Item 4A. Executive Officers of the Registrant
The name, age, position and principal occupation of each of the executive officers of the Company
is set forth below:
Zsolt
Rumy, age 66, is the founder of the Company and has served as its Chairman, Chief
Executive Officer and President and as a Director since 1975 and has served as its interim Chief
Financial Officer since May 2008. Mr. Rumy received a B.S. degree in Chemical Engineering from the
University of Minnesota in 1966.
Karen M. Bomba, age 44, has served as the Chief Operating Officer of the Company since March
2008. Ms. Bomba served as Chairman and CEO of Messier-Bugatti USA, a subsidiary of
Messier-Bugatti, SAFRAN Group, a producer of aircraft carbon brakes and systems. Prior positions
included Business Line Manager and Focused Factory Manager of Hitco Carbon Composites Aircraft
Structures, Insulation Products and Carbon Businesses, and Manufacturing Engineering Manager of the
B2 Assembly and Systems Checkout. Ms. Bomba has a Mechanical Engineering BS from Rensselaer
Polytechnic Institute and was awarded a Northrop Fellowship for graduate work in Manufacturing
Engineering at UCLA.
Andrew W. Whipple, age 45, has served as the Chief Accounting Officer of the Company since May
2008. Mr. Whipple served as a Senior Manager in the St. Louis office of Deloitte & Touche, LLP
where he worked from 1993 to 1998, when he joined Digital Teleport, Inc. as its Controller and was
later promoted to Chief Financial Officer. After Digital Teleport was acquired by CenturyTel in
June of 2003, he became Vice President of Operational Support at the telecommunications company and
served there for four years prior to joining E3 Biofuels as its Chief Financial Officer from 2007
to 2008. Mr. Whipple is a CPA and received his degree in accounting from Virginia Tech in 1985.

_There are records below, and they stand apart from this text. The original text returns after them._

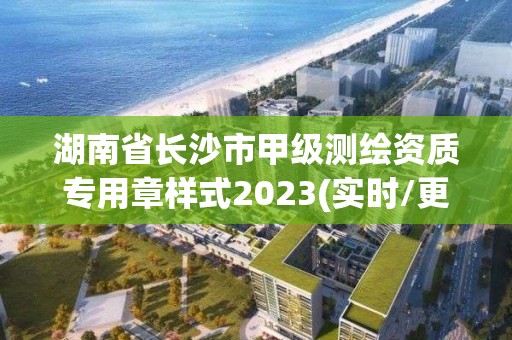 湖南省長沙市甲級測繪資質專用章樣式2023(實時/更新中)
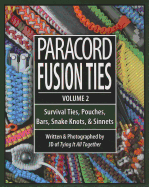 Paracord Fusion Ties, Volume 2: Survival Ties, Pouches, Bars, Snake Knots, & Sinnets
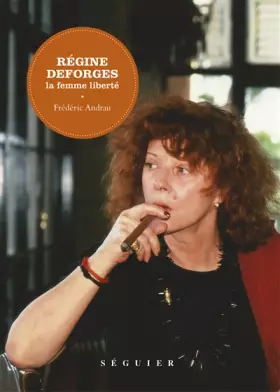 Couverture du produit · Régine Deforges : La femme liberté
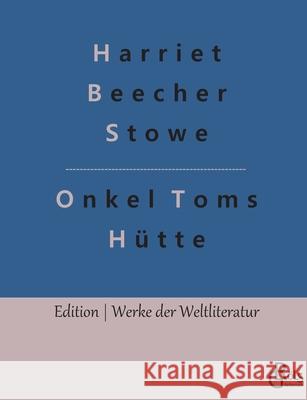 Onkel Toms Hütte Professor Harriet Beecher Stowe, Redaktion Gröls-Verlag 9783966373302 Grols Verlag - książka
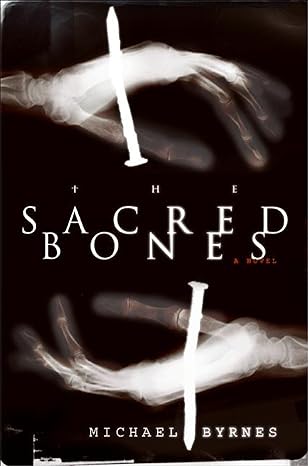 The Sacred Bones: A Novel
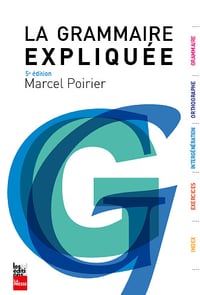 La grammaire expliquée - Poirier Marcel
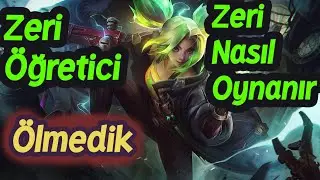 Zeri Nasıl Oynanır Detaylı Anlatım ! | Zeri Öğretici Rehberi LoL (Adc-Bot Lane)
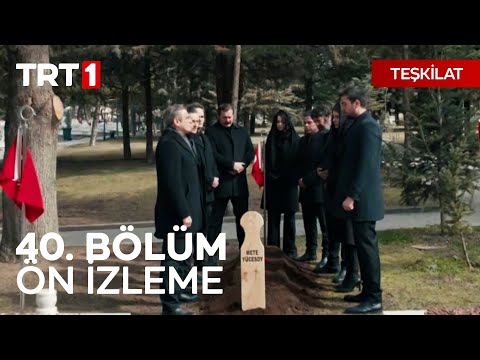 Teşkilat 40. Bölüm Ön İzleme | 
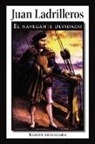 Ram N. Arriagada, Ramon Arriagada - Juan Ladrilleros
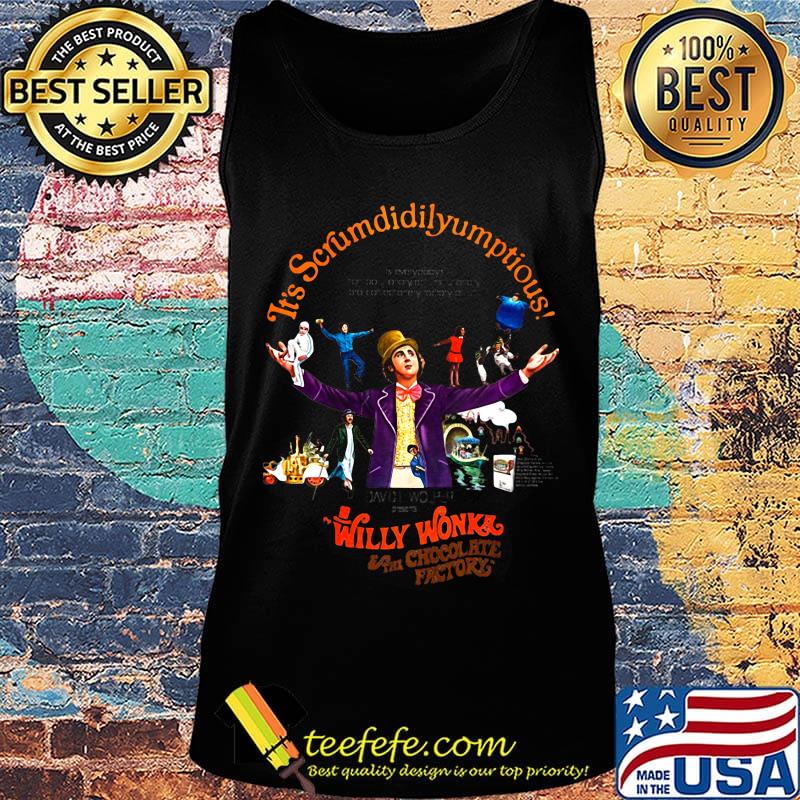 It's scrumdiddlyumptious willy wonka eat chocolate factory s Tank top It's scrumdiddlyumptious willy wonka eat chocolate factory s Tank top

George E. Husman, 63, has served as the Chief Technology Officer of the Company since January
2007. Mr. Husman holds a B.S. in aerospace engineering from the University of Cincinnati and a
M.S. in materials engineering from the University of Dayton. He spent 18 years at the Materials
Directorate at Wright-Patterson Air Force Base in research and management positions, including
Director of the Nonmetallic Materials Division. Upon leaving the Air Force in 1986, he joined BASF
Structural Materials, Inc., in Charlotte, North Carolina, as Vice President for Business
Development. At BASF, he also served as VP & General Manager of Thermoplastic Composites and Vice
President for Research and Development. In 1993, Mr. Husman joined Southern Research Institute in
Birmingham, Alabama, as Vice President of the Engineering Division, and prior to joining Zoltek, he was the Associate Director for Research in
the School of Engineering at the University of Alabama at Birmingham.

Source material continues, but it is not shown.